Pull out of the data below the stretch of lines bounded by the one containing "COGVOHY 34 Stück" and the one containing "Leder Wedges 🍂", both bounds included, unchanged.

*** MATERIAL FOR THE TASK Section Begins ***

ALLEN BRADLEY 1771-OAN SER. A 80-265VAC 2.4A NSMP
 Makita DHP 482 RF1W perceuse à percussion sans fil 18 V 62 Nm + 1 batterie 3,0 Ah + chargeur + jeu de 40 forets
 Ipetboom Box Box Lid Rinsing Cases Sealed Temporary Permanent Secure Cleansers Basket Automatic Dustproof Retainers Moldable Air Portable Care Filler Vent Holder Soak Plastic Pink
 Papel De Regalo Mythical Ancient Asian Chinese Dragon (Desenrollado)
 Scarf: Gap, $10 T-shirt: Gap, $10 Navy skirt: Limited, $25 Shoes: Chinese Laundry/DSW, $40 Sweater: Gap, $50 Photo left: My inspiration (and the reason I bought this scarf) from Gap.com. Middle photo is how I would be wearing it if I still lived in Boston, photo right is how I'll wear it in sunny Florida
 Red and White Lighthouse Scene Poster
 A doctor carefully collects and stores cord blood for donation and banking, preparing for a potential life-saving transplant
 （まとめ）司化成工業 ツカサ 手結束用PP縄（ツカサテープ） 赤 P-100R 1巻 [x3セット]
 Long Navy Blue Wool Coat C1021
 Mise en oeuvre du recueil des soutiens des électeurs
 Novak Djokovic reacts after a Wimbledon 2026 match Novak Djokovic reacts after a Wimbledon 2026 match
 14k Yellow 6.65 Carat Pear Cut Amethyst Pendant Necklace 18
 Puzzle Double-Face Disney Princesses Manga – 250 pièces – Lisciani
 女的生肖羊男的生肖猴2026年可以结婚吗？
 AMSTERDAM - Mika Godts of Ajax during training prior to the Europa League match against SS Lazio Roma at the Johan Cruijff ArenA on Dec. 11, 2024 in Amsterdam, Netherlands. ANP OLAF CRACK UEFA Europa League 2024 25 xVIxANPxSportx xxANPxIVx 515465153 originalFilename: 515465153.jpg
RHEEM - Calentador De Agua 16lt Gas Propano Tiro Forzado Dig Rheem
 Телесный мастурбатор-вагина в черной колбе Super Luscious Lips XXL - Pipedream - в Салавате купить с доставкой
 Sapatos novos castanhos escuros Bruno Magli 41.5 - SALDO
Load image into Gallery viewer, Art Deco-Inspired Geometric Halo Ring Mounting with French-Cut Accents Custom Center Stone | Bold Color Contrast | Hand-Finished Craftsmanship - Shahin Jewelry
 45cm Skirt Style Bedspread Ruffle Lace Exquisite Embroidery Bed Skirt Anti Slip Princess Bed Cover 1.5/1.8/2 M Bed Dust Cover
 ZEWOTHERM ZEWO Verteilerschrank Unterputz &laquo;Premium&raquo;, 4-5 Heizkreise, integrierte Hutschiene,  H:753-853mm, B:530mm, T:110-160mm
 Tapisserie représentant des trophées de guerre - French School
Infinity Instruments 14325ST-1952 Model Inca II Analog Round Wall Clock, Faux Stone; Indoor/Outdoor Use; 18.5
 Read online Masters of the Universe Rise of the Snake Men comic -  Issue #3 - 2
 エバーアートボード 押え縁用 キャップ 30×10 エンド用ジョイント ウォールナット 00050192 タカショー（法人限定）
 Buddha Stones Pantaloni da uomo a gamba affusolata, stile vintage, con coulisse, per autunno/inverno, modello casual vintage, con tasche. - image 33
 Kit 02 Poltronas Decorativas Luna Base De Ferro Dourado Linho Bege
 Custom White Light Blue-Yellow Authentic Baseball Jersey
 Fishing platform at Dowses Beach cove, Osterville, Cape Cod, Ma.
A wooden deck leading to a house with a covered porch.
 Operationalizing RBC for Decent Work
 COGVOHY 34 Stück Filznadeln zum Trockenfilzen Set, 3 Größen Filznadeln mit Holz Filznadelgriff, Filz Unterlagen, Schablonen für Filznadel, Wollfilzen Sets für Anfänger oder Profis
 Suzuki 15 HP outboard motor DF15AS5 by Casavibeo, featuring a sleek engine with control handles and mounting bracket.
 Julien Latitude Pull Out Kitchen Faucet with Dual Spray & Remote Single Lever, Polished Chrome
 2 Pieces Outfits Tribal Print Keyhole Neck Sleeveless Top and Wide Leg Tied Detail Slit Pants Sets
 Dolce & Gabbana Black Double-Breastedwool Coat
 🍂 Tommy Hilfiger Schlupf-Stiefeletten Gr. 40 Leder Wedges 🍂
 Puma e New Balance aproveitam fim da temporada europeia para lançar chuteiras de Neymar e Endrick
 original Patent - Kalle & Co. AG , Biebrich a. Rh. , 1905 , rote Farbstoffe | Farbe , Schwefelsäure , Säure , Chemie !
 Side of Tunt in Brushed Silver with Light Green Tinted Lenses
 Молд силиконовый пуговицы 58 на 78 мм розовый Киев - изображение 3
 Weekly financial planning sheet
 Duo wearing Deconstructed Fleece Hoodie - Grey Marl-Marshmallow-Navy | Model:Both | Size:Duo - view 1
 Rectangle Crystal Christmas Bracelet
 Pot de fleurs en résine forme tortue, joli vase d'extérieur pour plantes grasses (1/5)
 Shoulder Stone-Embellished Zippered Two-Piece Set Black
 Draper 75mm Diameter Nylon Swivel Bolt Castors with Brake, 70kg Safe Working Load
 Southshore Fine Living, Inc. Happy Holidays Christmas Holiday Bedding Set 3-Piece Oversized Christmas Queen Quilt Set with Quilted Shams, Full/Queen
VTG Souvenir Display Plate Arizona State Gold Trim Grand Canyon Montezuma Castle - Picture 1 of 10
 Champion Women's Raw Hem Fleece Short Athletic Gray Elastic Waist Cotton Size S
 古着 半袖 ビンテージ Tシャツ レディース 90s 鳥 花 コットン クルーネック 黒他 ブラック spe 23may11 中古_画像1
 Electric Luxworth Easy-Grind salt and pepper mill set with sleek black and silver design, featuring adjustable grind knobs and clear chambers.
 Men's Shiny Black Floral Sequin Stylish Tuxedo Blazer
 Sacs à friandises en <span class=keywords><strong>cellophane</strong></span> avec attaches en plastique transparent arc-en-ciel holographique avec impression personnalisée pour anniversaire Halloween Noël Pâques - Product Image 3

*** MATERIAL FOR THE TASK Section Ends ***

EXPECTED ANSWER:
 COGVOHY 34 Stück Filznadeln zum Trockenfilzen Set, 3 Größen Filznadeln mit Holz Filznadelgriff, Filz Unterlagen, Schablonen für Filznadel, Wollfilzen Sets für Anfänger oder Profis
 Suzuki 15 HP outboard motor DF15AS5 by Casavibeo, featuring a sleek engine with control handles and mounting bracket.
 Julien Latitude Pull Out Kitchen Faucet with Dual Spray & Remote Single Lever, Polished Chrome
 2 Pieces Outfits Tribal Print Keyhole Neck Sleeveless Top and Wide Leg Tied Detail Slit Pants Sets
 Dolce & Gabbana Black Double-Breastedwool Coat
 🍂 Tommy Hilfiger Schlupf-Stiefeletten Gr. 40 Leder Wedges 🍂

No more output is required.